|
THE QUIET Send This Review to a Friend
Director Jamie Babbit’s “The Quiet,” with a screenplay by Abdi Nazemian and Micah Schraft, teeters between the daring and the ludicrous. It would seem to be making a statement against incestuous abuse, but some of the scenes are so over the top as to veer toward parody. Yet one’s attention is not allowed to wander, primarily because of the performers and their histrionics.
Get a load of this household. In a suburban town Edie Falco and Martin Donovan play parents, Olivia and Paul, who have a pretty cheerleader daughter named Nina (Elisha Cuthbert), who flaunts her sexuality and arrogance and poses a behavior problem. Olivia and Paul adopt Dot, an orphaned teenager (Camilla Belle), who is deaf but can lip read. Her presence becomes a catalyst in the family, and the atmosphere grows increasingly tense.

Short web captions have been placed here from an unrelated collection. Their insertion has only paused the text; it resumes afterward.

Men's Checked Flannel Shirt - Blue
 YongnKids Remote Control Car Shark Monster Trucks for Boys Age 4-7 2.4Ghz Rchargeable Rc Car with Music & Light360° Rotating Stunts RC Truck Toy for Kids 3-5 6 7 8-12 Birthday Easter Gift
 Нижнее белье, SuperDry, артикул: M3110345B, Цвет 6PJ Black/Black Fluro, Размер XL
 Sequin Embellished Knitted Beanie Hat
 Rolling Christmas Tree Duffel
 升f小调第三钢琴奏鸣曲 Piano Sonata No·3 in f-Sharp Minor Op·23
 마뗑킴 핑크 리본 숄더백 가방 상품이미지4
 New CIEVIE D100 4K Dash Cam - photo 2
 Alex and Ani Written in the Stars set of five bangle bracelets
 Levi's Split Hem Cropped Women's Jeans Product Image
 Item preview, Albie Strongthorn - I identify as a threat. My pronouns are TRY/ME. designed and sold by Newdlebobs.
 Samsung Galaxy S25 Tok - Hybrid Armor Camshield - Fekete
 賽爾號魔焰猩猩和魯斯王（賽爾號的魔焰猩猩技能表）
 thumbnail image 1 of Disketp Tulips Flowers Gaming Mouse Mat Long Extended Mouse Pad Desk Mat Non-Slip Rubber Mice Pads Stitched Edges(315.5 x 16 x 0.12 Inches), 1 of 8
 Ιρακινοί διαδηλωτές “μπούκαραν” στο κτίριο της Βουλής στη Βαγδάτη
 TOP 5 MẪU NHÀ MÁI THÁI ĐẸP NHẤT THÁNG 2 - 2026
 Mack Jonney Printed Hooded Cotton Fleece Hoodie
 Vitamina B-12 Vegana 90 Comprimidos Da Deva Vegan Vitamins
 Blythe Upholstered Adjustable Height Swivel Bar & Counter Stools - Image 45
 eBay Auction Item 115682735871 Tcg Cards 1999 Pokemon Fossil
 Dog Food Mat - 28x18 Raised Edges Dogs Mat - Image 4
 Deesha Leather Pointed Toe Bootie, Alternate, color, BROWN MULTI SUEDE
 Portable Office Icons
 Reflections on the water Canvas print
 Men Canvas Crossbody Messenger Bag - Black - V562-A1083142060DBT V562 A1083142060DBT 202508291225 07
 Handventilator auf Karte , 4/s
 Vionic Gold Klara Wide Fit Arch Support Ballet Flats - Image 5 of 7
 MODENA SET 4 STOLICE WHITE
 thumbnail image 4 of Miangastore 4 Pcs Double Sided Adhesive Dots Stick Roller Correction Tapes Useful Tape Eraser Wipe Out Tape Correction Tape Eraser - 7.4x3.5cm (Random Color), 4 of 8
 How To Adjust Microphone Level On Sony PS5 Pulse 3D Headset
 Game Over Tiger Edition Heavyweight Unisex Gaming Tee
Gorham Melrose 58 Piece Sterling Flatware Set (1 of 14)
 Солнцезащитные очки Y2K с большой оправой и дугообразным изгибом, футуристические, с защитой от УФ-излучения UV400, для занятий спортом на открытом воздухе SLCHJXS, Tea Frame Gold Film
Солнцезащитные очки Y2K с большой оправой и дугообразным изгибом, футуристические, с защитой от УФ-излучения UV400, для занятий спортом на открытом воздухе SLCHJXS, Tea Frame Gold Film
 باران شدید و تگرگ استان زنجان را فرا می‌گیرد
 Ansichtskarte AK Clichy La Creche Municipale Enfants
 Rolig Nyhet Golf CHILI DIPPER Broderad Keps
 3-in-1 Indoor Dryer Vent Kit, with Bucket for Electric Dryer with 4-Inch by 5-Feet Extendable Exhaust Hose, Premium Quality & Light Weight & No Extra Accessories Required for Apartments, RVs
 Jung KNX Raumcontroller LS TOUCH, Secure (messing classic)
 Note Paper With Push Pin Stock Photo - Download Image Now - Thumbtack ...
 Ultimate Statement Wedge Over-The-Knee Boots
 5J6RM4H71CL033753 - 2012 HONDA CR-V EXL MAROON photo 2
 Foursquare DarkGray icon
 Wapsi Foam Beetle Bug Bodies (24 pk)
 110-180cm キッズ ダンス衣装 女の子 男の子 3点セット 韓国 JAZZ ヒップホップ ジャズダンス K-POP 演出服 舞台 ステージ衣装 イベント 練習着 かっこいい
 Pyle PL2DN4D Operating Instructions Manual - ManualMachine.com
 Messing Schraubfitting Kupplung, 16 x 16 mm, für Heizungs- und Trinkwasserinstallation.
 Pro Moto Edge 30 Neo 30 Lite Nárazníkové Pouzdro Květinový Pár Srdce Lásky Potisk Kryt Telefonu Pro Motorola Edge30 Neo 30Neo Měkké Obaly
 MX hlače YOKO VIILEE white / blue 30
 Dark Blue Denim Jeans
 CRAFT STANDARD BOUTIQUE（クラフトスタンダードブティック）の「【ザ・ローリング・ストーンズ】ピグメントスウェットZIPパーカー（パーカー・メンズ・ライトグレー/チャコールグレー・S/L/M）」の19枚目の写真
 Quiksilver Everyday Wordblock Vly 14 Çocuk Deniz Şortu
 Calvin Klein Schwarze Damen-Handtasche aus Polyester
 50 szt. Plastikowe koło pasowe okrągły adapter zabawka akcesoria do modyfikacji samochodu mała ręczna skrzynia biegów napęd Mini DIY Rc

Nina is daddy’s girl in more ways than one, and Olivia, her mom, is spaced out on drugs. Donovan as Paul gives the kind of performance that makes one nervous, and rightly so. There is creepiness hovering over this household, and one senses that fury may erupt at any moment.
The screenplay stretches the boundaries like a soap opera gone off the deep end. A Sony Pictures Classics release.